Before we get into the complicated stuff, let's establish a baseline ...
What kind of pitcher was Pettitte? How does he stack up against other pitchers?
Thanks to the magical powers of Baseball-Reference.com's Play Index, I made a list of pitchers with between 220 and 260 wins - there are 27 of them since 1901 - and checked to see where Pettitte ranked among them in various categories.
With 240 wins, he's tied for 10th with Frank Tanana. Of the nine pitchers ahead of him, six are in the Hall of Fame; Jack Morris (254), spitballer Jack Quinn (247) and Dennis Martinez (245) are not.

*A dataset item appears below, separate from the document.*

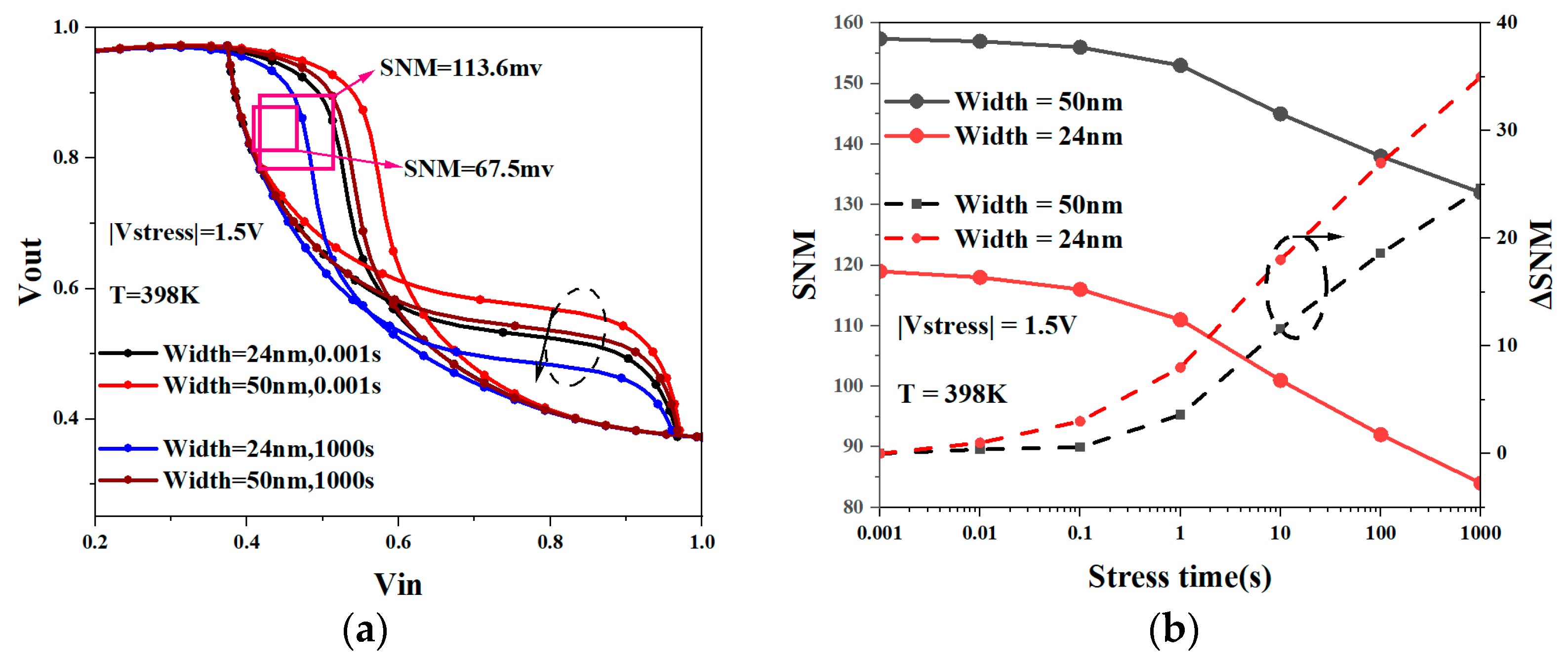 Micromachines 15 00420 g016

With a .635 career winning percentage, he's third, behind only Whitey Ford and Three Finger Brown (both Hall of Famers). The three pitchers behind him are Hall of Famers, too. David Wells is the only pitcher (other than Pettitte) in the group with a .600 winning percentage (.604, actually) who's not in the Hall.
With a 116 ERA+ -- essentially ERA adjusted for league context and park effects - Pettitte ranks ninth. All eight pitchers ahead of him are in the Hall of Fame, but just behind him are Luis Tiant, Jim Bunning and Jack Quinn; only Bunning's in the Hall.
There's nobody exactly like Pettitte, so these comparisons can take us only so far. But I think it's fair to say that most of the pitchers who seem at least vaguely similar to Pettitte have been elected.
Granted, some of them had to wait an awful long time. Waite Hoyt - who won 237 games, 112 ERA+ -- last pitched in 1938, and was enshrined 31 years later.
On the other hand, Herb Pennock - who won 241 games, .598 winning percentage - was enshrined only 14 years after retiring in 1934.
I bring up those two because they had something in common with Pettitte: While both pitched for other teams, both gained most of their fame as New York Yankees during a period when the Yankees were the best baseball team on the planet. This helped them win games, and it helped make them famous.
Having pitched for the Yankees for so many years is going to help Pettitte, obviously. He won more games because he pitched for the Yankees, and he won more postseason games because he pitched for the Yankees. Does he deserve a bunch of bonus points for his postseason action? Not really. His postseason stats are almost identical to his regular-season stats. But some bonus points, yes.
Pettitte's fortunate that he kept his ERA below 4. Otherwise, it would be difficult to separate him from David Wells, who won 239 games with an outstanding winning percentage, and pitched for the Yankees (if not for nearly as long).
By the Hall of Fame's historical standards, Andy Pettitte is a marginal candidate who did everything well but nothing brilliantly, and would probably be enshrined after a moderately long wait.
But the historical standards can tell us only so much. The BBWAA's Hall of Fame ballot is going to be exceptionally crowded for many years, probably too crowded to allow for Pettitte's entry through that door (not to mention his status as a PED user). Historically, marginal candidates like Pettitte were elected (if they were) by the clubby and incestuous Veterans Committee. But the Veterans Committee - actually, it's Veterans Committees now - has gone through a great number of changes in just the last decade, and will probably go through more before Pettitte's eligible for consideration via that body. Without knowing what the process will look like in 20 years, it's almost impossible to guess what will happen to him.
Would I vote for him? That's a tough one. There are pitchers like Pettitte who aren't in the Hall, but there are probably more like Pettitte who are. I think I probably would vote for him, with those 19 postseason wins just pushing him over the bar.